● Input for this task
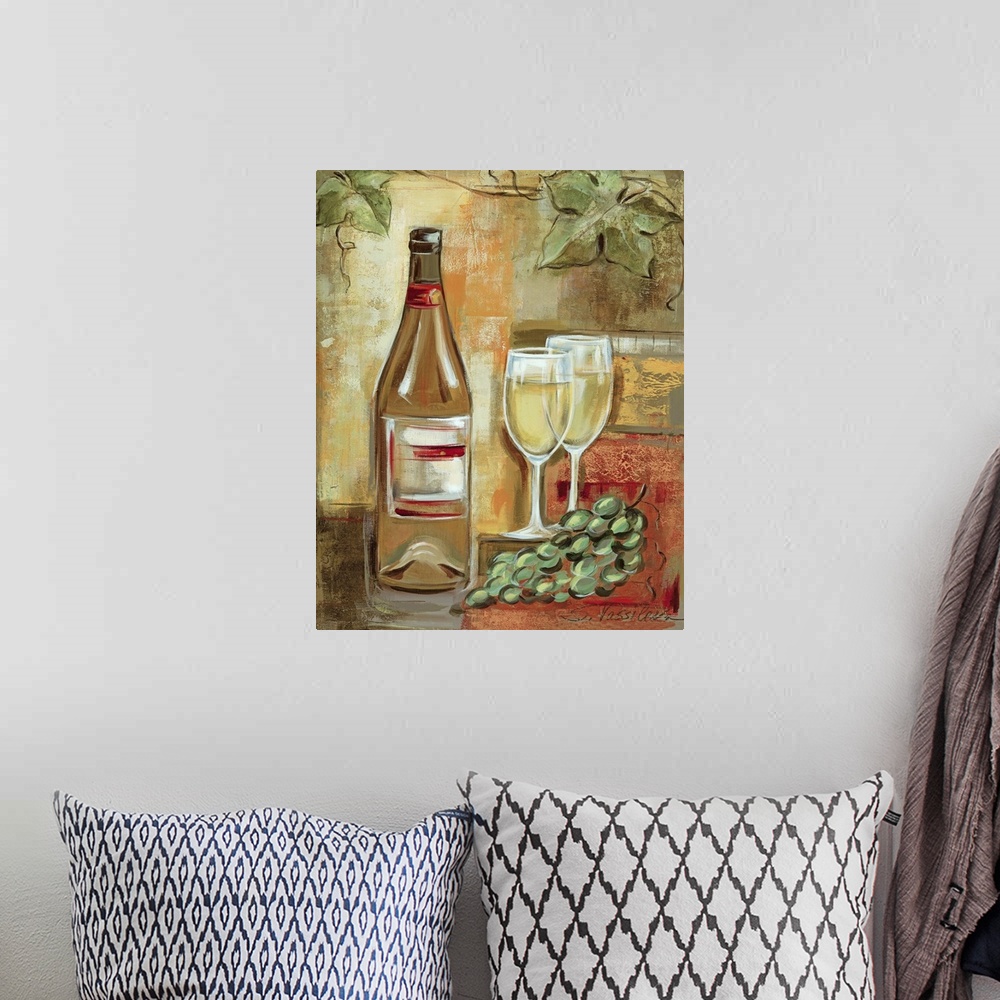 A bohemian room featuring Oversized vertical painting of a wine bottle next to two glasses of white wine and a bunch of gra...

...

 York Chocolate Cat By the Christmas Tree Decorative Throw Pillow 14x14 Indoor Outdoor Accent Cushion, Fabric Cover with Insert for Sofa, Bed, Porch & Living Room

---

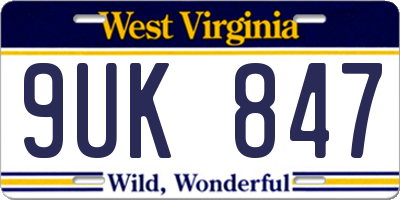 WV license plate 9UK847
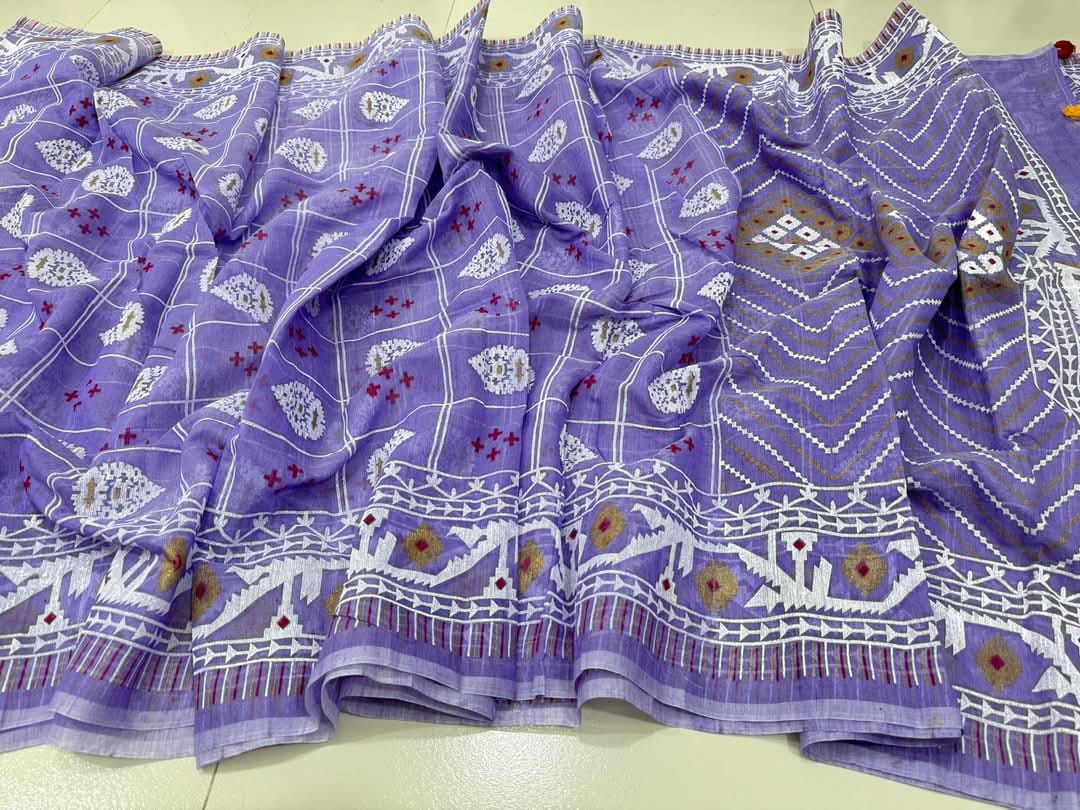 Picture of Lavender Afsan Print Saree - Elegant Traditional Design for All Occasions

● Task description
In the entries above, find the line containing "WV license plate 9UK847" and the line containing "Picture of Lavender", then copy both and every line between them exactly, without any picture.

● Solution to this exercise
 WV license plate 9UK847
 Picture of Lavender Afsan Print Saree - Elegant Traditional Design for All Occasions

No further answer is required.